WHAT IS NEEDED:
For this exercise, reproduce the records exactly as they stand and do not carry any images over.

INFORMATION SUPPLIED:
--- --- ---

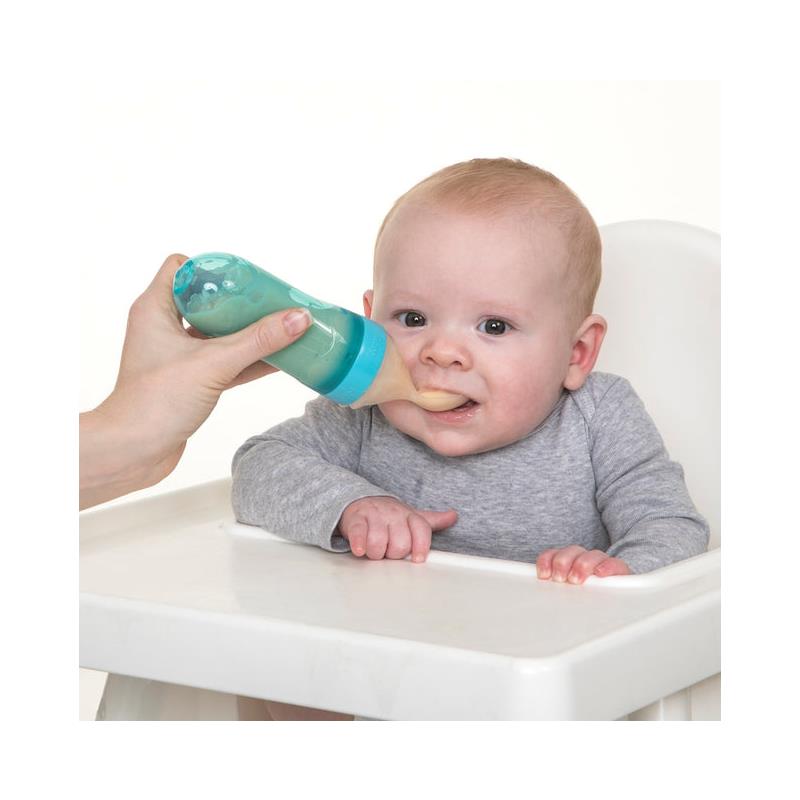 Nuby Silicone Squeeze Feeder in use, with an adult hand feeding a baby sitting in a high chair.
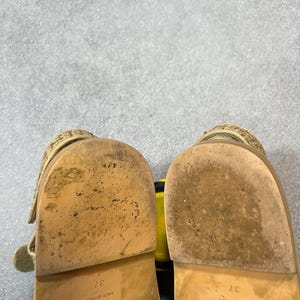 May include: A pair of beige sandals with a textured strap and a buckle closure. The soles are worn and show the size 37, and the brand logo. The sandals are made in Italy.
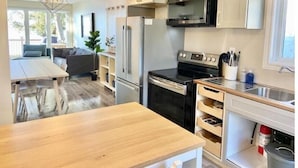 A compact kitchen with white cabinets, a stainless steel refrigerator, an oven, and a microwave. There is a wooden table and a built-in sink with a window above it. - Lakeside Cottage Getaway South Shore Lake Scugog

 (Caesarea)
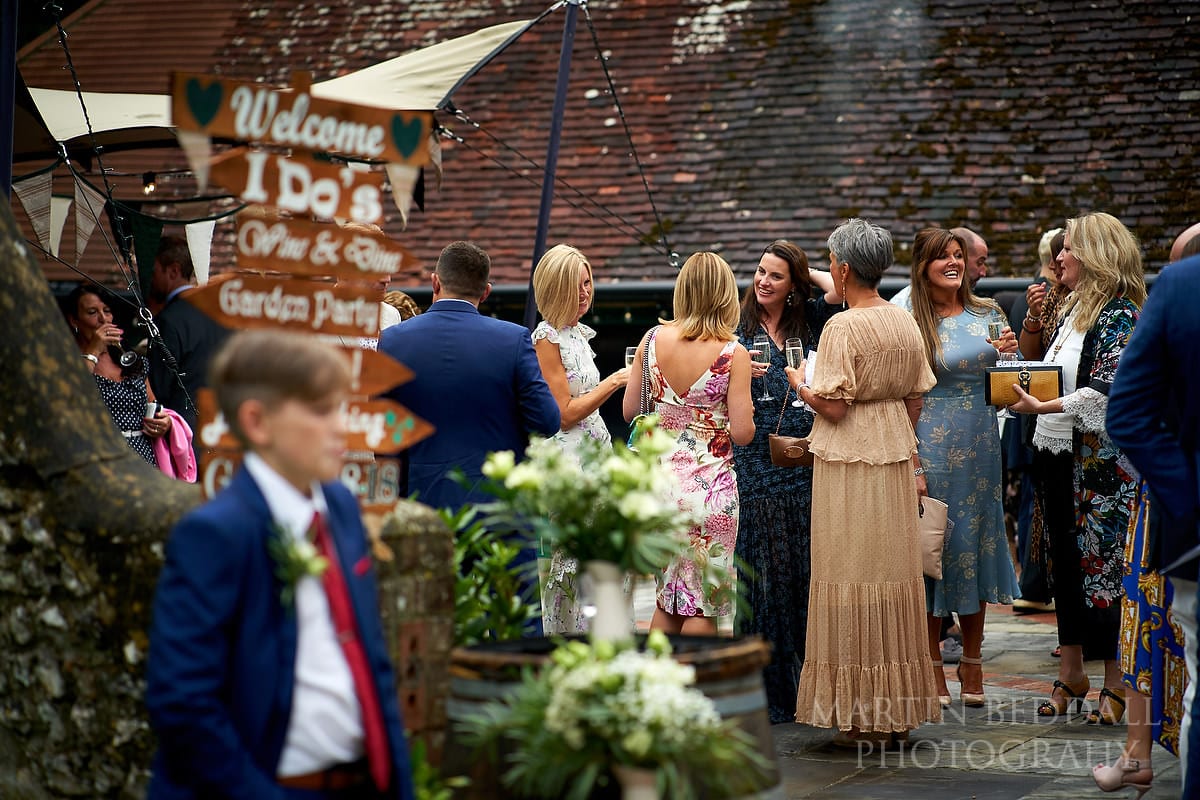 Wedding guests gather at Cissbury Barns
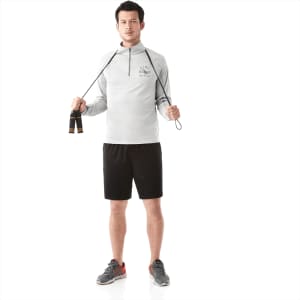 A man in a light grey quarter zip jumper holds a skipping rope, wearing black shorts and trainers.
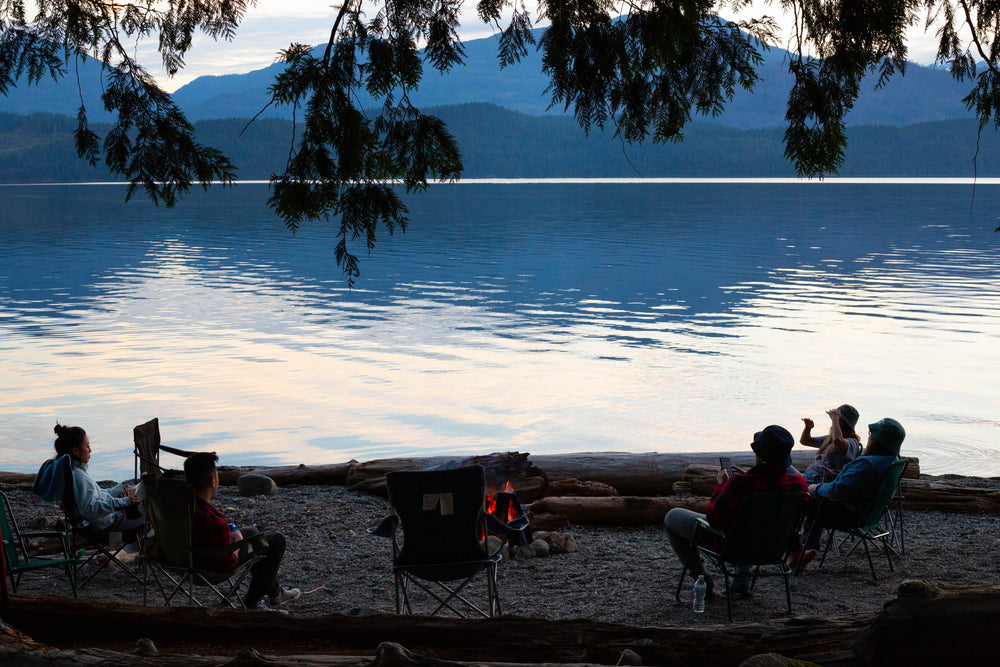 people sit around a bonfire on the beach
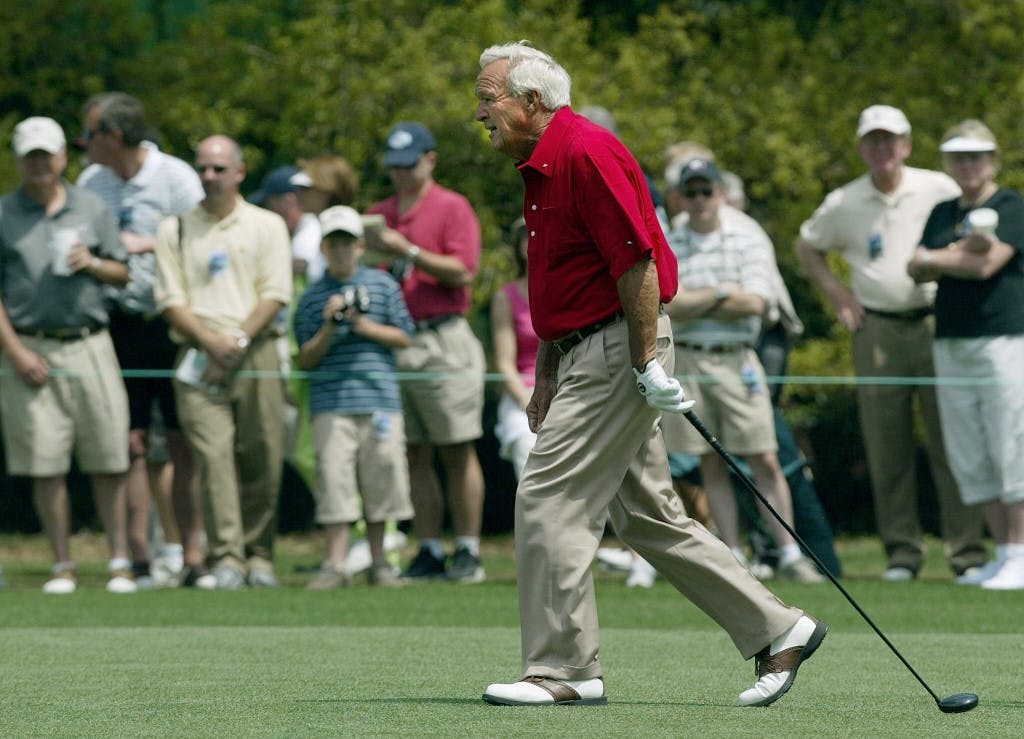 Golf legend Arnold Palmer walks up the 1st fairway of Augusta National Golf Course for the last time.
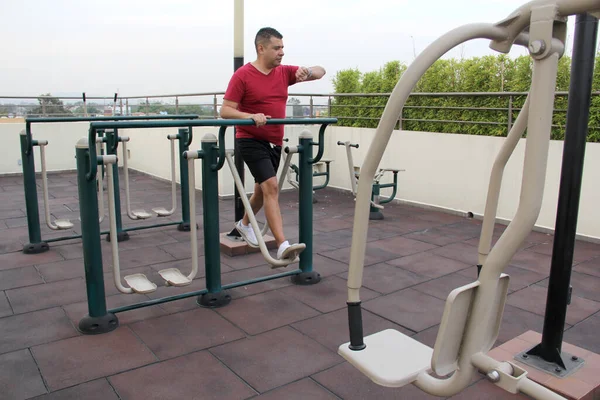 stock image Dark-haired 40-year-old Latino man exercises on the roof garden of his building with effort and commitment to lose weight and improve his health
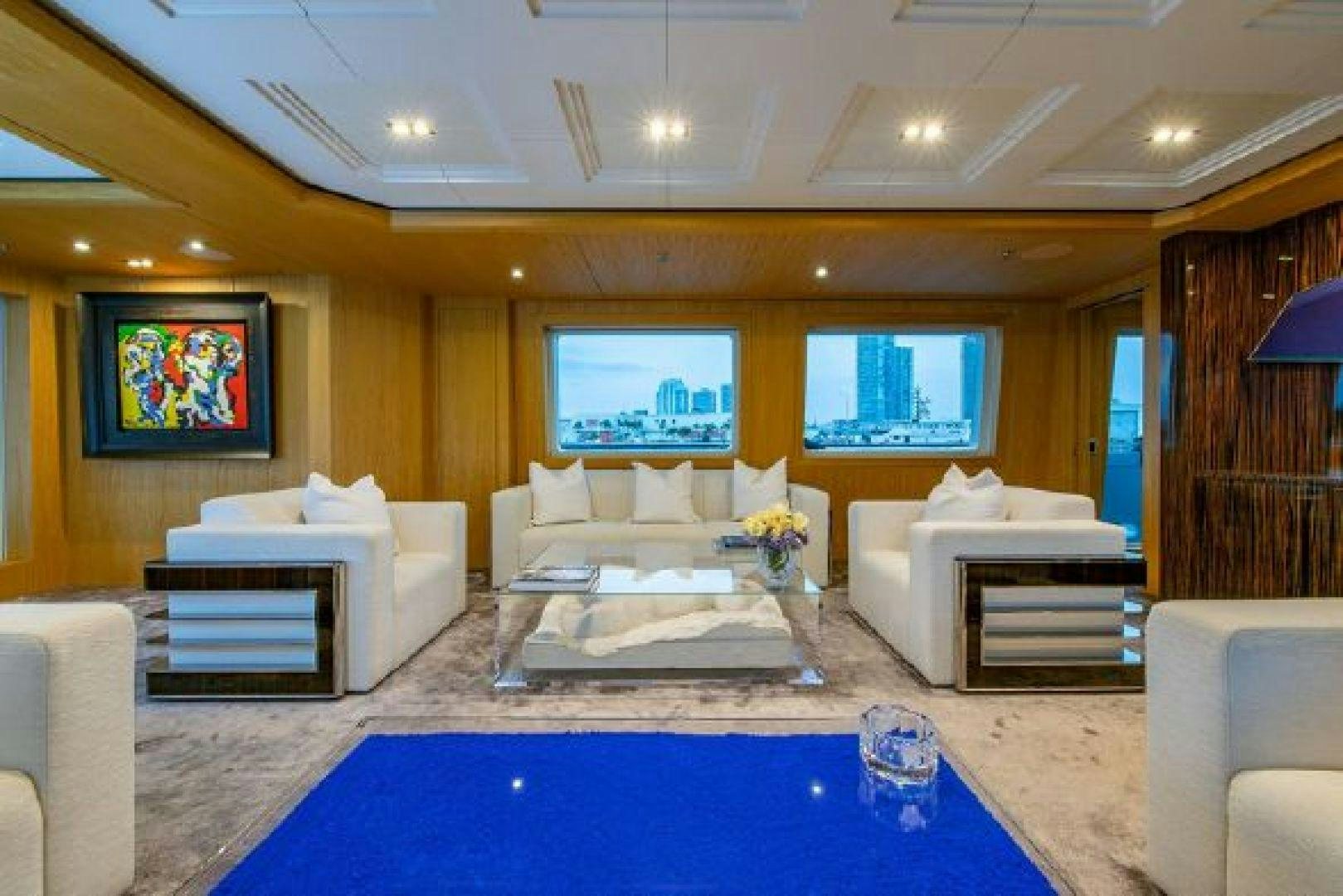 a living room with a blue table aboard 174 OCEANFAST MIZU Yacht for Sale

--- --- ---

ANSWER BOX:
 Nuby Silicone Squeeze Feeder in use, with an adult hand feeding a baby sitting in a high chair.
 May include: A pair of beige sandals with a textured strap and a buckle closure. The soles are worn and show the size 37, and the brand logo. The sandals are made in Italy.
 A compact kitchen with white cabinets, a stainless steel refrigerator, an oven, and a microwave. There is a wooden table and a built-in sink with a window above it. - Lakeside Cottage Getaway South Shore Lake Scugog

 (Caesarea)
 Wedding guests gather at Cissbury Barns
 A man in a light grey quarter zip jumper holds a skipping rope, wearing black shorts and trainers.
 people sit around a bonfire on the beach
 Golf legend Arnold Palmer walks up the 1st fairway of Augusta National Golf Course for the last time.
 stock image Dark-haired 40-year-old Latino man exercises on the roof garden of his building with effort and commitment to lose weight and improve his health
 a living room with a blue table aboard 174 OCEANFAST MIZU Yacht for Sale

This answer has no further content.